Fred Vargas è una di questi scrittori. Anzi una scrittrice, a dispetto del nome, che infatti è uno pseudonimo, un omaggio alla sorella pittrice che firma così le sue opere, a sua volta per omaggiare Ava Gardner (Vargas era il nome del suo personaggio ne “La contessa scalza”). Persona strana, Fred Vargas. Madre chimica, padre surrealista, lei scienziata specialista in archeozoologia, una di quelle brave, visto che lavora per il centro nazionale di ricerca scientifica francese. Una che ha dedicato cinque anni della propria vita a studiare come si trasmette la peste dagli animali all’uomo doveva essere perfetta per scrivere romanzi gialli. Me l’aveva presentata mio cugino, anche lui grande lettore, la scorsa estate, dicendomi che i suoi erano gialli, ma non gialli da quattro soldi. Chissà perché c’è voluto un anno e poco più per spingermi verso quel ripiano della libreria in cui sapevo che c’erano i suoi libri.

Come nella migliore tradizione dei romanzi gialli, anche Fred Vargas ha un suo personaggio protagonista delle diverse storie: Jean-Baptiste Adamsberg. Persona curiosa anche lui, come la sua creatrice. Il suo braccio destro, Danglard, quando lo vede per la prima volta, pensa che la sua faccia sia stata messa insieme da Dio con gli avanzi che aveva in magazzino, e se il risultato era quell’uomo così stranamente bello, chissà cos’altro doveva esserci, nel magazzino di Dio. Questa è una delle tipiche frasi che ritroviamo in tutto il romanzo. È difficile parlare di una storia quando non puoi dire nulla che riveli la trama, quindi non posso certo dire cosa siano i cerchi azzurri, o chi sia l’uomo che li traccia, o chi sia il morto (o i morti...) e chi l’assassino. Sarebbe maleducato nei confronti di chi volesse leggerlo. Ma forse potrei anche farlo (tranquilli, non lo farò). Potrei perché in questo romanzo è la storia che fa da contorno ai personaggi. Adamsberg esiste già, non ha bisogno che qualcuno uccida nella sua città per essere quello che è. Il romanzo potrebbe benissimo parlare di aquiloni, e lui non perderebbe una briciola del suo fascino. Così come l’arguto e razionale Danglard, l’eterea Camille e tutti i comprimari che fanno la loro comparsa nella storia. Il desiderio di girare pagina non è dato dal voler conoscere le risposte alle domande poste dal caso, ma dal voler scoprire perché il commissario Adamsberg passa le sue giornate scarabocchiando sulle ginocchia. O perché ci sono volte in cui deve camminare. O perché pensa che un cerchio tracciato su un marciapiede sia preludio di una tragedia, quando tutto fa pensare che sia solo lo scherzo di un burlone che vuole far parlare di sé. Meravigliosi in questo senso i duetti tra Adamsberg e Danglard, una lenta approssimazione contrapposta a una veloce razionalità. Potrei anche dirvi chi è l’assassino, non vi rovinerei niente di questa intensa lettura.

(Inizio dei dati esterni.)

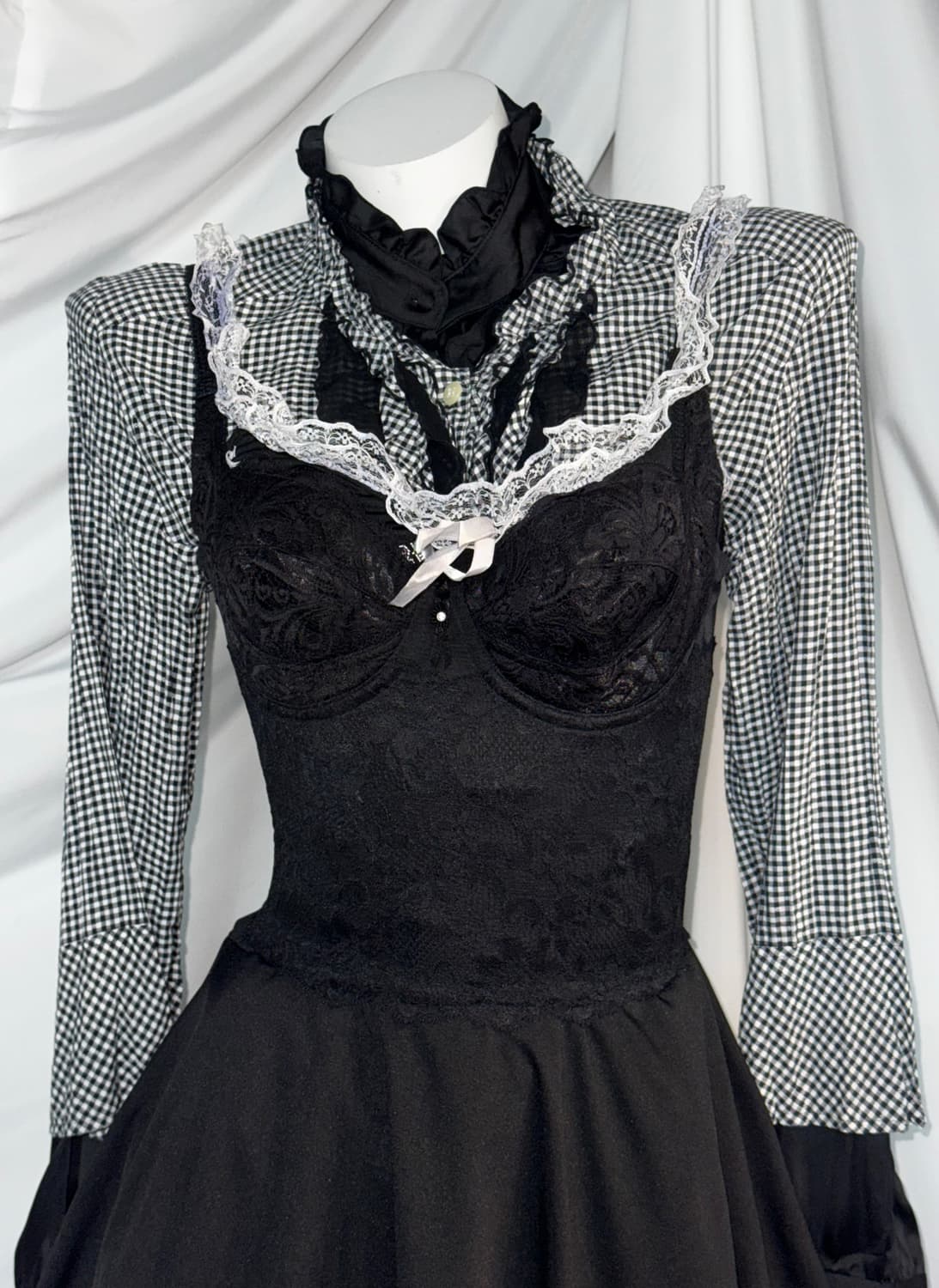 <예약중> 무채색 공겜여주깔 코르셋 데일리 고스고딕 코디세트 상품이미지8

Non mi spingo in analisi di ordine stilistico (non ne sarei molto capace), vi riporto solo un commento della stessa autrice alla sua opera di scrittrice di gialli. “Il poliziesco è come una favola, ironica o tragica o cerebrale. Non sopporto i gialli ultraviolenti che raccontano crimini complicatissimi (che nella realtà non esistono): un delitto è sempre semplice”.

Nell’auto, Danglard mormorò:
- Un tappo di bottiglia e una donna sgozzata, non colgo il nesso, non ci arrivo. Non riesco a capire cos’abbia in testa questo qui.
- Quando si guarda l’acqua in un secchio, - disse Adamsberg, - si vede il fondo. Metti dentro un braccio e tocchi qualcosa. Anche in una botte, ci riesci. In un pozzo, non ce la fai. Anche lanciarci dentro dei sassolini per cercare di capire non serve a niente. Il dramma è che ci si prova lo stesso. L’uomo ha sempre bisogno di “capire”. E questo gli crea solo grane. Lei non ha idea della quantità sterminata di sassolini che ci sono in fondo ai pozzi. E la gente non li lancia per sentire il rumore che fanno quando cadono nell’acqua. è per capire. Ma il pozzo è una cosa terribile. Quando quelli che l’hanno costruito sono morti, nessuno può più saperne niente. Ci sfugge, ride di noi dal profondo del suo ventre sconosciuto pieno di acqua cilindrica. Ecco cosa fa il pozzo, secondo me. Ma quanta acqua? fino a dove, l’acqua? bisognerebbe sporgersi, sporgersi per sapere, lanciare delle corde.
- Roba da annegarci, - disse Castreau.
- Certo.
- Ma non vedo che rapporto c’è con l’omicidio, - disse Castreau.
- Non ho detto che ce ne sia uno, - disse Adamsberg.
- Allora perché ci racconta la storia del pozzo?
- Perché no? Mica si può sempre parlare per essere utili. Ma Danglard ha ragione. Un tappo di bottiglia, una donna, non si capisce il nesso. È questa la cosa importante.

2 commenti:

Fra ha detto...

Anche io sono una novizia in fatto di gialli. Avevo letto qualche classico ma poi mi ci sono avvicinata maggiormente con Lucarelli e Ammaniti. Però più che gialli sono noir...Mi incuriosiscono molto i libri della Vargas e di Montalban spero presto di riuscire a leggere qualcosa di questi due bravissimi scrittori. nel frattempo grazie per questa "non-recensione" :D
Un abbraccio
Fra

Adryss ha detto...

Grazie per i complimenti, sempre graditissimi! a quanto pare, la tua wishlist non fa che allungarsi per 'colpa' mia! Anche questo mi fa piacere! Tanti baci!